This past week, we headed back home for my sister's... shindig... and I mentioned to my step-father about the massively disappointing Korean meal I'd had. Well, this would never do. (Says a man who buys homemade kimchi by the huge bottle-full from his "source" -- the mother of the woman who does my mother's nails, because "it's not the same when it's store-bought".) Friday we all piled into the car and headed off to the best Korean place inside an hour's drive, and my Mom and I shared pork bulgogi while CP and the SF had some kind of noodle-beef-spice dish (didn't catch the name). After we demolished all of the awesome little dishes that came first, of course.
We get home today, and it's blistering hot and the A/C is still broken (but due to be fixed tomorrow, yay). Naturally this means we might as well eat out -- anything for non-104F temps, basically -- and we decide we want more Korean. Ah, new place getting good reviews in our local Asian shopping center (represents of Taiwan, PRC, Korea, and Vietnam), so off we head.
Even more little dishes ahead of time, plus (our eyes being bigger than our stomachs after spending most of the day on various planes) seafood pancakes -- oh so good -- and then a kind of four-bulgogi sampler called SsamBob. Whomever told me on the last post that Korean food is somewhat hot, sometimes (spicy-wise), but always complex, spicy-wise, totally spoke the truth. So spicy, so incredibly yummy.

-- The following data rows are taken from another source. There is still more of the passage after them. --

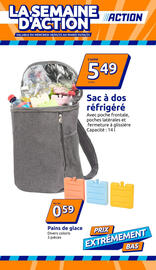 Catalogue Action semaine 22 page 1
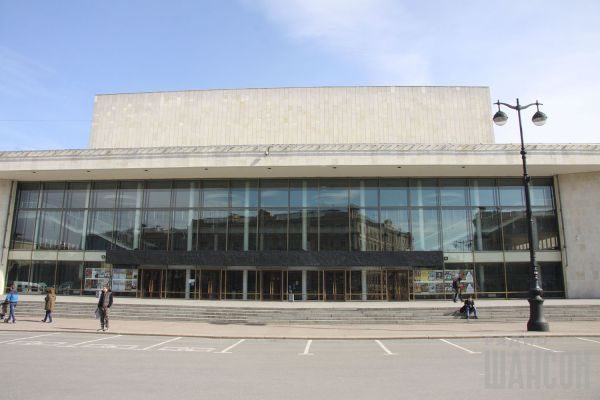 Концерт лауреатов премии «Шансон года» г. Санкт-Петербург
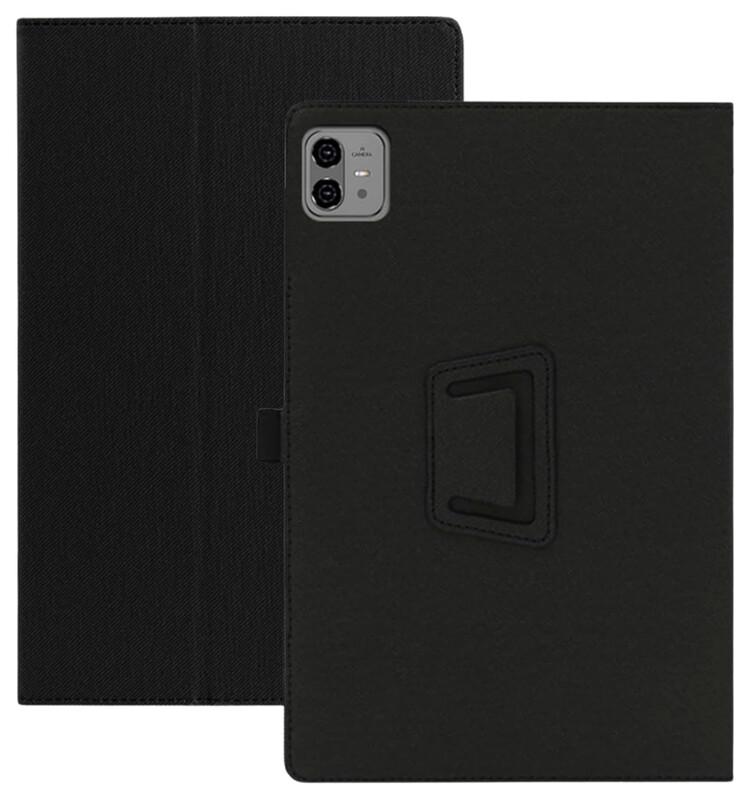 Чехол BeCover Slimbook для Teclast ArtPad Pro 12.7" Black (715129)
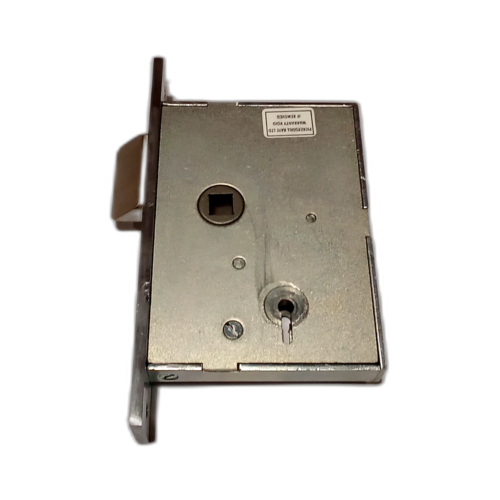 LOCK DRIVERS DOOR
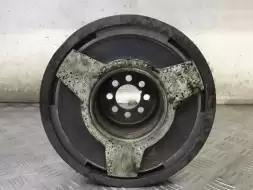 Шкив коленвала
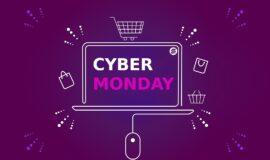 Imagem de O que é Cyber Monday: Conheça as Ofertas do Mundo Digital e quando acontece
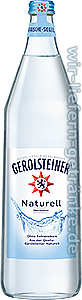 Gerolsteiner Naturell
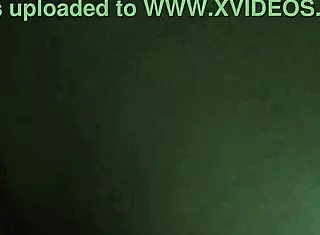 Sexysasha takes dick deep in her big caribbean ass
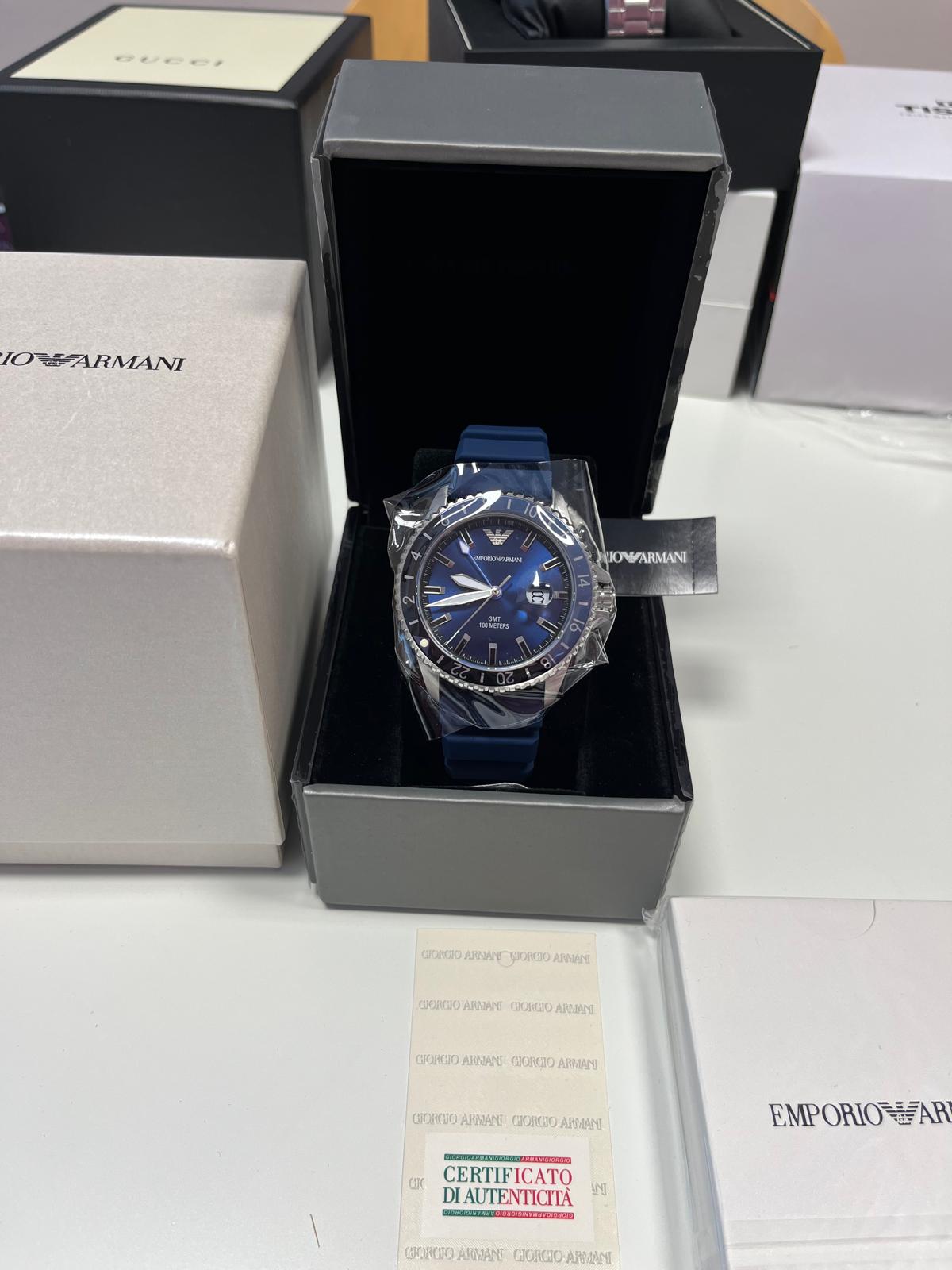 Emporio Armani Diver Homme AR11592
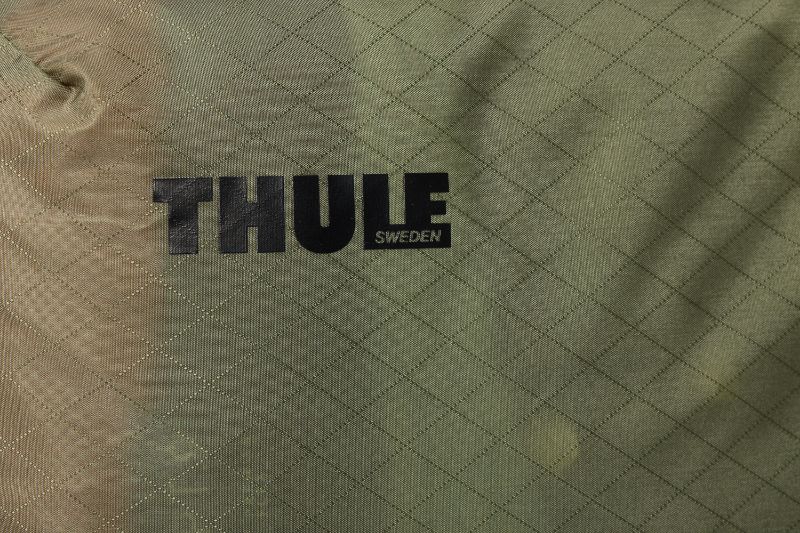 Picture of Thule Compression Packing Cube Set Green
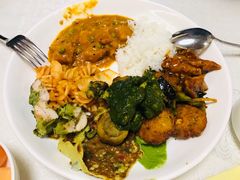 -恒河传奇印度餐厅GANGES
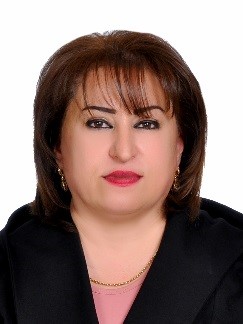 Hüseyova Validə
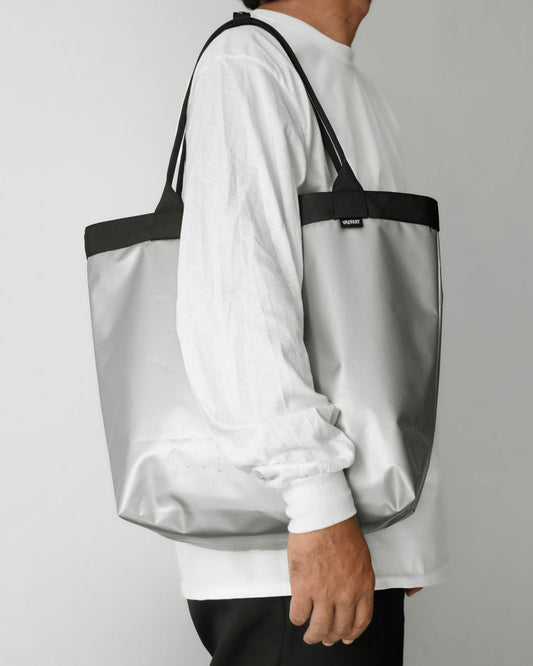 Tarp Tote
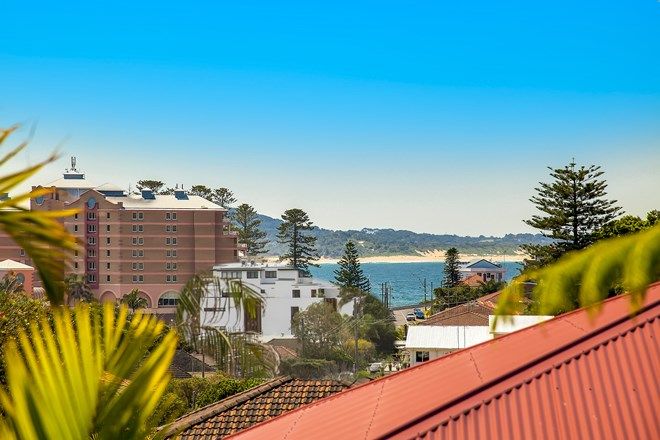 Picture of 2/50 Ash Street, TERRIGAL NSW 2260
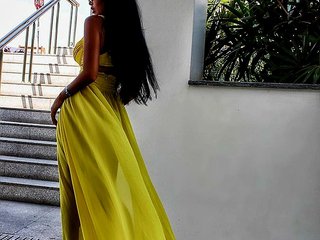 エロティックなビデオチャット Elizabeth555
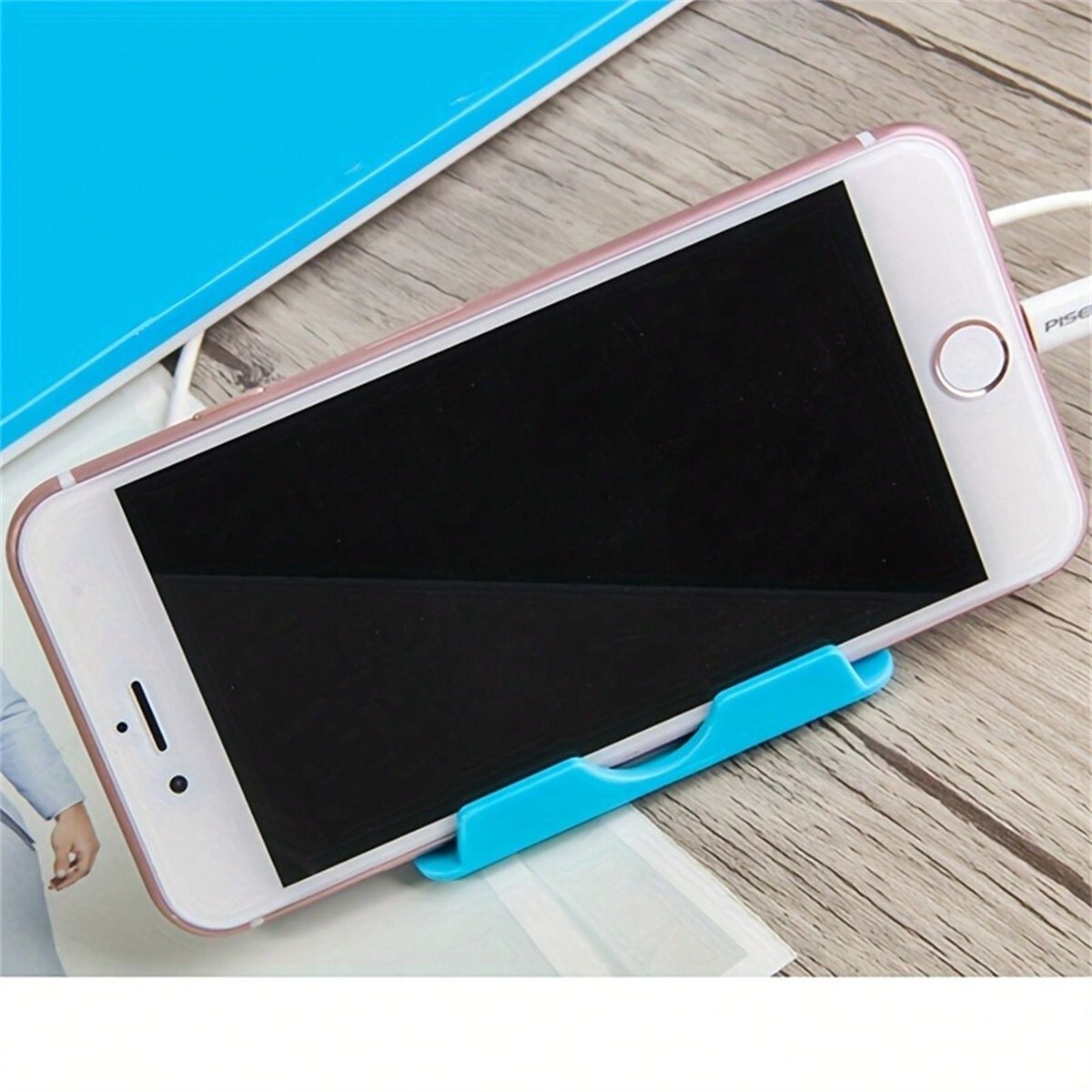 Foldable Cradle Universal Phon - Phone Accessories For Android incelemesi ve fiyatı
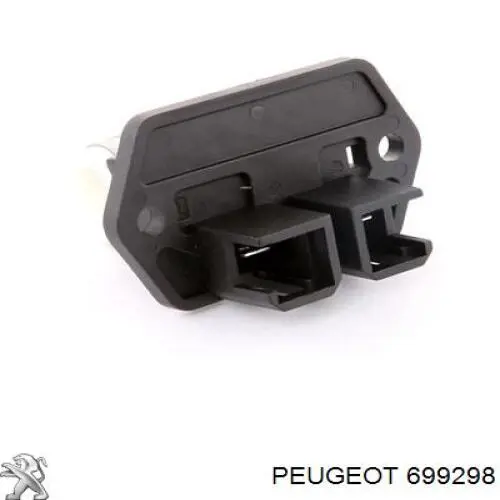  Peugeot/Citroen 699298 цена, от 0.14 USD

Except I had this one question... When the proprietor came over to check on us, she'd been so helpful with what-to-get recommendations that I figured, maybe she could answer this question. I explained I'd watched a Korean show with Moon Geum-Young, in which the actress was making kimchi. I saw the sliced cabbages and some other chunks of vegetables, and then this HUGE BAG (like 2lbs worth HUGE) that was nothing but red powder. Was that, uhm, entirely chili powder she was dumping by the double-handfuls into the vegetables?
First, the proprietor said, yes, it was. And then she said, "you know Moon Geum-Young? You watch her television shows?" I said, of course, she's adorable, and I've done my best to see everything she's in. (Excepting Tale of Two Sisters, which I have but haven't watched yet because it may be over my creep limit in re horror, but anyway, I did see Innocent Steps and Painter of the Wind, and most of MSOAN, so, yeah.) But, she wanted to know, was that all I watched? I said, "no, I've also--" right as CP goes, "My Girlfriend is a Gumiho!" and the proprietor just cracked up (while managing to look surprised that CP had also watched the show, and unsurprised he thought Shin Min-ah is gorgeously charming with dimples that kill). ...and then she asked what else I'd watched. I said, "I'm watching Lie to Me, because it's got Kang Ji-hwan," and she put her hand to her heart and looked like she was going to swoon.
Next thing you know, I'm rattling off all the pretty boys: Lee Min-ki (Dalja's Spring), and Lee Jun-ki (Time Between Dog and Wolf), and Lee Min-ho (City Hunter) -- except I hadn't even gotten out what LMH is in right now, just his name, and the proprietor says, "City Hunter? Are you watching City Hunter?"
Me: OF COURSE. It's got a pretty boy in it!
Then I told her what the American-language fandom calls most of these young actors: noona killers (as in, "older sister killers"). She cracked up all over again, and said that fit perfectly. Clearly a woman after my own heart, and we totally bonded over Hong Gil Dong and Chuno and Greatest Love and Civil Servant Grade 7 and so on. Although notably, neither of us were all that about Yon-sama (or whatever his Korean name is, I can never remember) who was in Legend. We'd trade him in for Lee Min-ho any day. Or Kang Ji-hwan. Though clearly we'd have to get in line.
ETA: Almost forgot, the universal symbol for a particular hot leading man (who, incidentally, is actually older than me, so not really a noona killer). She mentioned Greatest Love, and I tried to say the actor's name. Cha Seung-won, I think his name is spelled? She didn't react, so I knew I said it wrong, so instead I ran my fingers over my face to make the "cow" symbol -- the way the guy's beard is trimmed, it looks like the Chinese character for "cow". Immediately she did the same, and knew exactly who I meant. Bwah.
I am totally going back to try the rest of the dishes (and next time, bringing friends, because that's a lot of food for two people, even if we did come home with leftovers). Besides, the proprietor was willing to patiently explain the parts of the usually-slurred-so-fast-on-TV way to say hello: anaunhah-seoh. Hmm. Maybe I should stick to trying to slur it.
Nice to know I'm not the only noona in this town, getting killed twice weekly.